Mon "ambition" est de "construire une justice plus lisible, plus accessible, plus simple et plus efficace", a martelé Nicole Belloubet depuis la présentation de son projet de loi en avril.

La justice française souffre depuis des années d'un manque de moyens avec des tribunaux engorgés et des prisons surpeuplées.

Il est prévu une hausse de 1,3 milliard d'euros du budget justice qui doit passer à 8,3 milliards d'ici à 2022, dans le cadre d'un projet de loi de programmation qui sera examiné en premier.

Ces moyens supplémentaires permettront la création de plus de 6.500 emplois, la livraison de 7.000 nouvelles places de prison et le lancement de 8.000 autres, ainsi que la création de 20 centres éducatifs fermés pour mineurs.

L'autre volet au menu, le projet de loi centré sur le fond de la réforme, s'articule autour de quelques priorités comme le renforcement de l'efficacité de l'organisation judiciaire et de la procédure pénale, l'instauration de peines plus efficaces ou la simplification de la procédure civile.

Devant la commission des Lois de l'Assemblée, Nicole Belloubet a également vanté une réforme axée sur "la défense des victimes", avec la plainte en ligne pour les agressions sexuelles, la création d'un tribunal criminel pour "éviter de correctionnaliser les viols" ou la création d'un juge de l'indemnisation des victimes d'actes de terrorisme (JIVAT).

Parmi les mesures les plus controversées figurent la création d'un parquet national antiterroriste, ajoutée via un amendement du gouvernement, et la fusion des tribunaux d'instance et de grande instance.

- "Pas à la hauteur" -

Le texte, examiné en première lecture dès octobre au Palais du Luxembourg, avait été largement amendé par les sénateurs, au grand dam de la ministre qui a évoqué des mesures "parfois vidées de leur substance".

Ces derniers avaient notamment voté une rallonge pour atteindre un budget global de 9 milliards d'euros, et un droit pour les suspects à être assistés par un avocat lors d'une perquisition.

Ils s'étaient opposés à la création du parquet antiterroriste et à la mise en place d'une procédure de comparution différée, intermédiaire entre comparution immédiate et ouverture d'information judiciaire, en défendant la place du juge face à l'accroissement des prérogatives du parquet.

Mais ces modifications ont été annulées par la commission des Lois de l'Assemblée, qui est revenue au texte initial qu'elle a enrichi de propositions des députés, comme sur le travail et les chantiers d'insertion en prison qui seront favorisés.

La commission a également raccourci de deux ans le délai de séparation de fait au-delà duquel il est possible de demander un divorce et élargi les droits des "majeurs protégés" placés notamment sous tutelle ou curatelle.

Le texte reste cependant toujours mal accepté par magistrats et avocats dont plusieurs centaines ont manifesté encore jeudi devant l'Assemblée pour une "justice humaine et accessible".

Certains redoutent des fermetures de sites, d'autres mettent en balance la dématérialisation des procédures et les risques de fracture numérique, d'autres encore dénoncent un recul de la présence et du contrôle des juges.

L'opposition est également critique.
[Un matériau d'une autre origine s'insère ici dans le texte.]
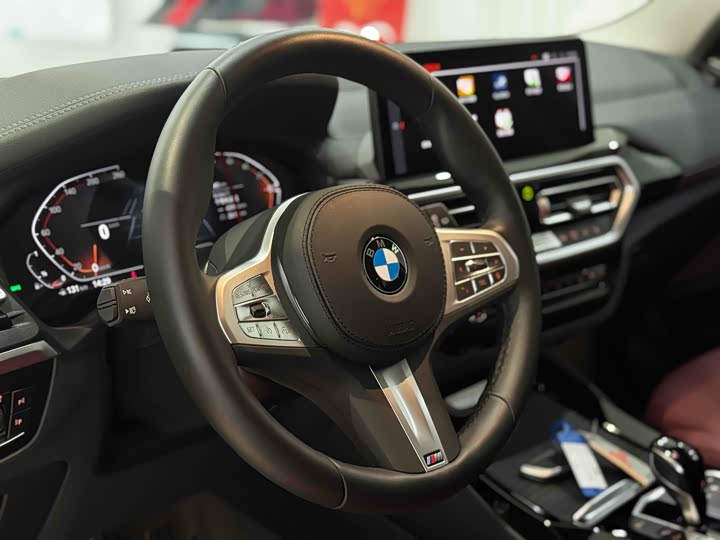 Фото 11 - BMW X3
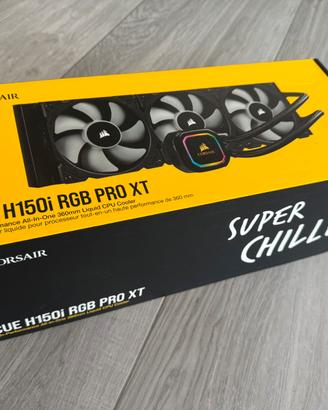 Corsair H150i RGB PRO XT
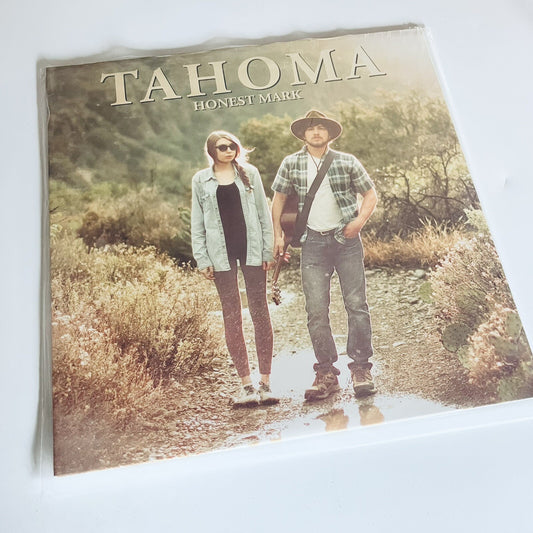 Tahoma HONEST MARK Vinyl LP Record NEW Sealed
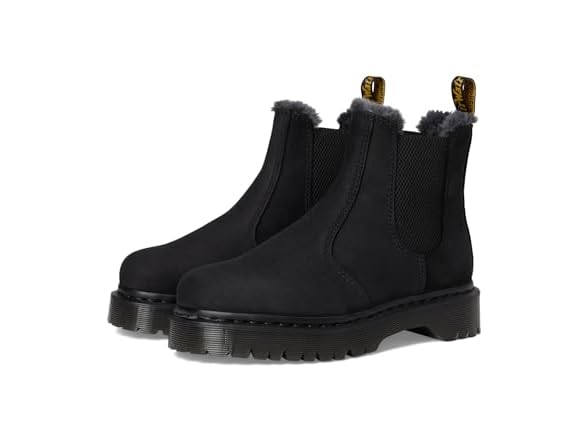 Dr. Martens Women's 2976 Bex FL Black 7
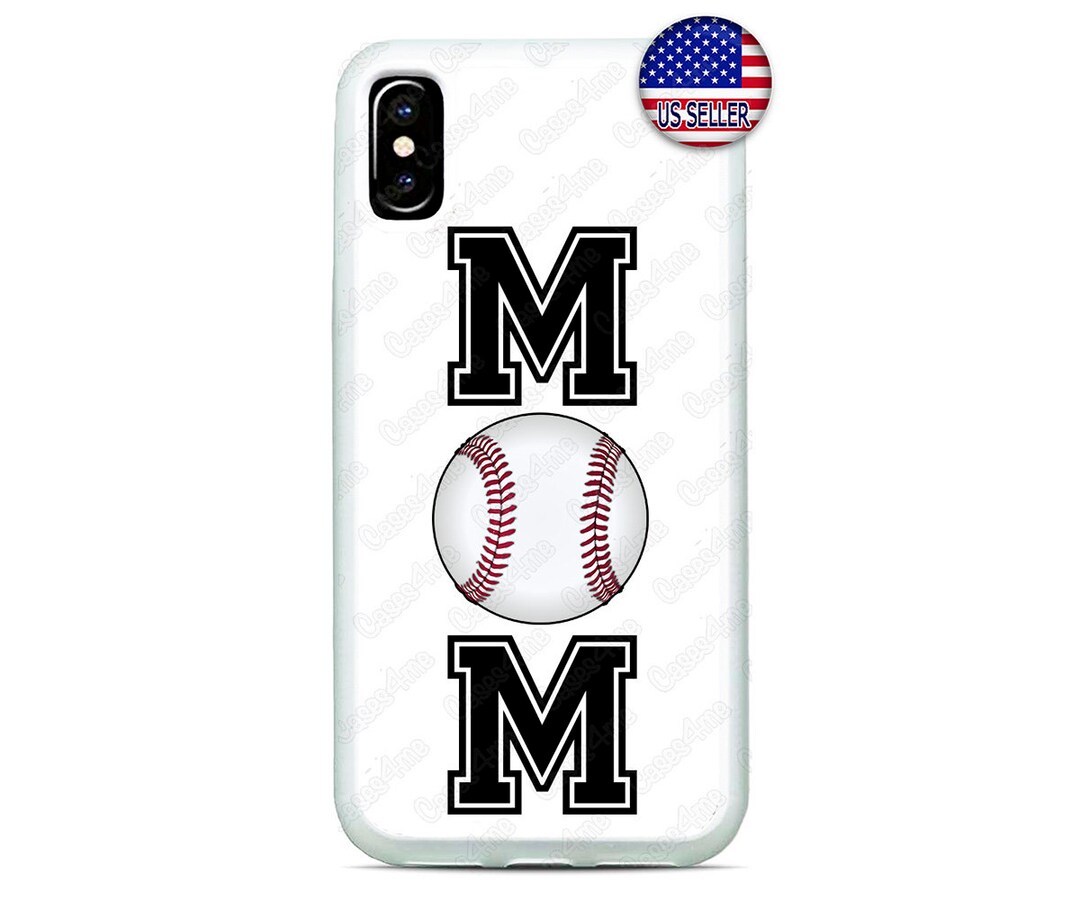 Baseball,baseball Mom,baseball iPhone Case,for iPhone 16 15 14 13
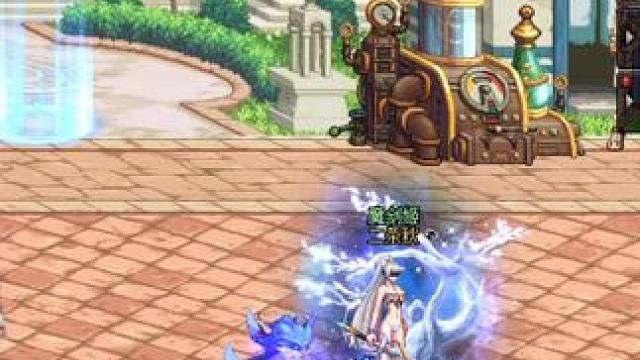 #dnf地下城 增幅已经是废废的了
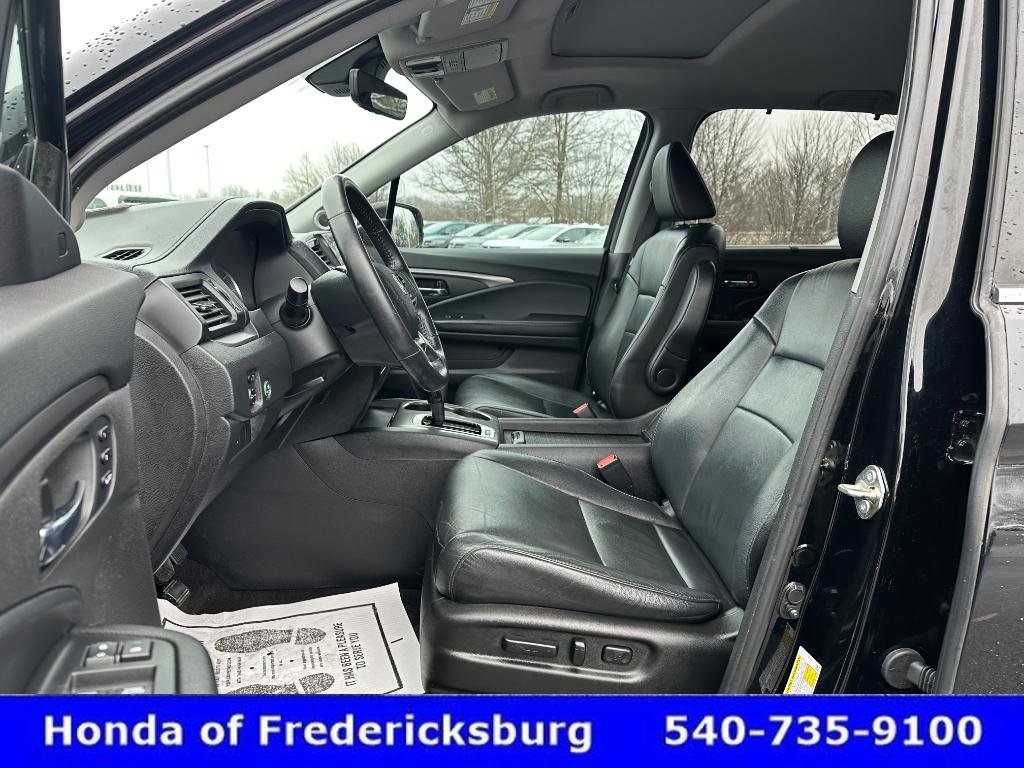 Certified 2019 Honda Pilot EX-L image 15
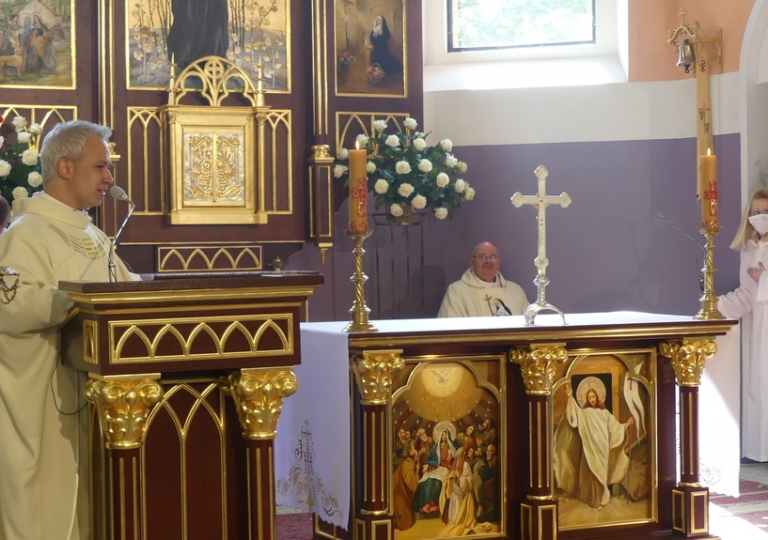 Odpust ku czci św. Rity w dniu 24. maja 2020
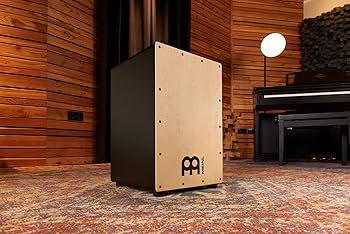 Amazon.com: Meinl Cajon Box Drum with Internal Snares - NOT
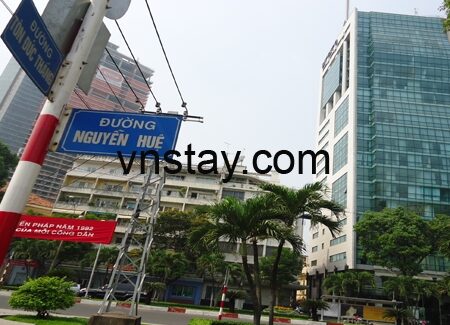 Cao ốc văn phòng Bitexco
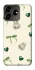 Чохол на ZTE Blade V50 Design 4G Labubu Green Heart фото 1 з 1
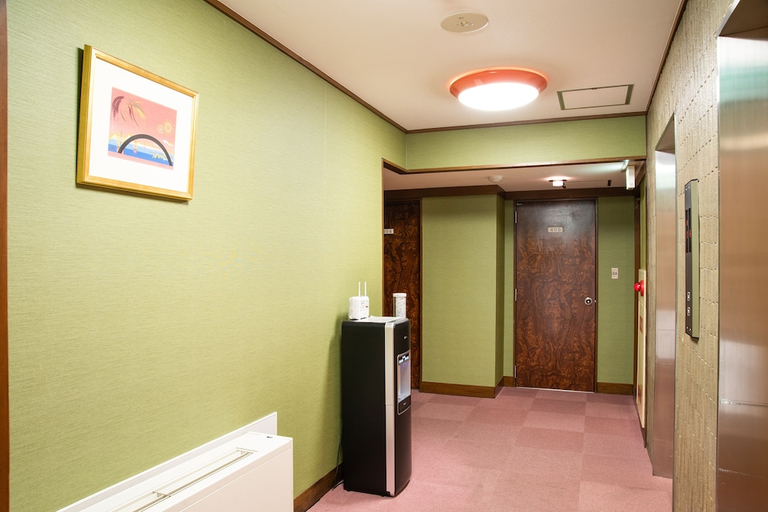 Others 5, Kaneyoshi Ryokan, Osaka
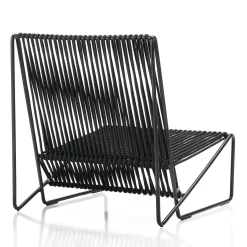 Rada Lounge Chair di Stefano Esposito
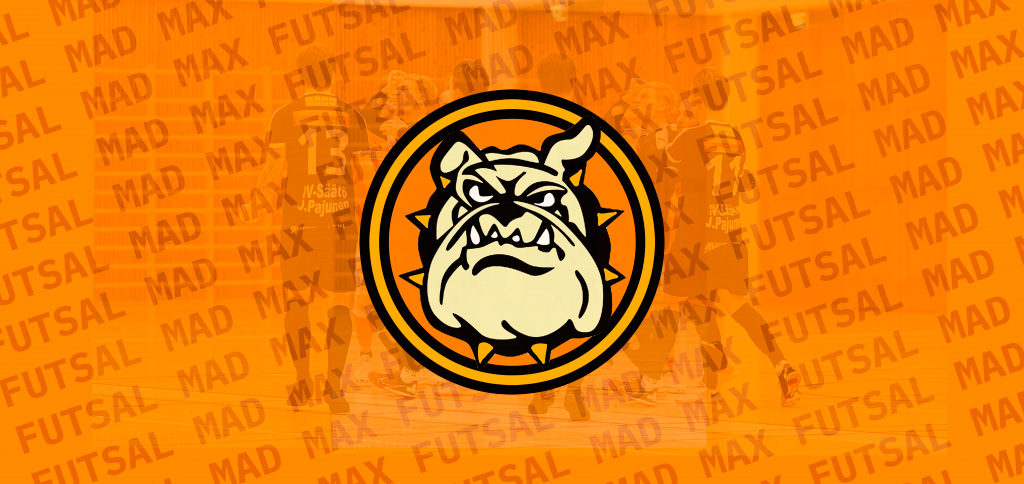 mad max joukkueen logo.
Jean-Louis Masson (LR) a pointé en commission "un effort budgétaire pas à la hauteur" et une forme de "privatisation de la justice", avec l'intervention de sociétés privées dans le cadre de médiations.

"L'équilibre entre l'accusation et les libertés individuelles n'est pas au rendez-vous", selon la socialiste Cécile Untermaier, qui s'oppose en particulier à "la généralisation des écoutes téléphoniques et perquisitions pour des infractions" faisant encourir trois ans de prison.

L'insoumis Ugo Bernalicis a dénoncé la construction de nouvelles places de prison "quand une attitude rationnelle voudrait que l'on revoie le code pénal pour réduire le nombre de peines de prison prononcées" et le communiste Sébastien Jumel un creusement des "fractures territoriales et sociales".

Les débats vont durer toute la semaine, avant un vote solennel le 27 novembre.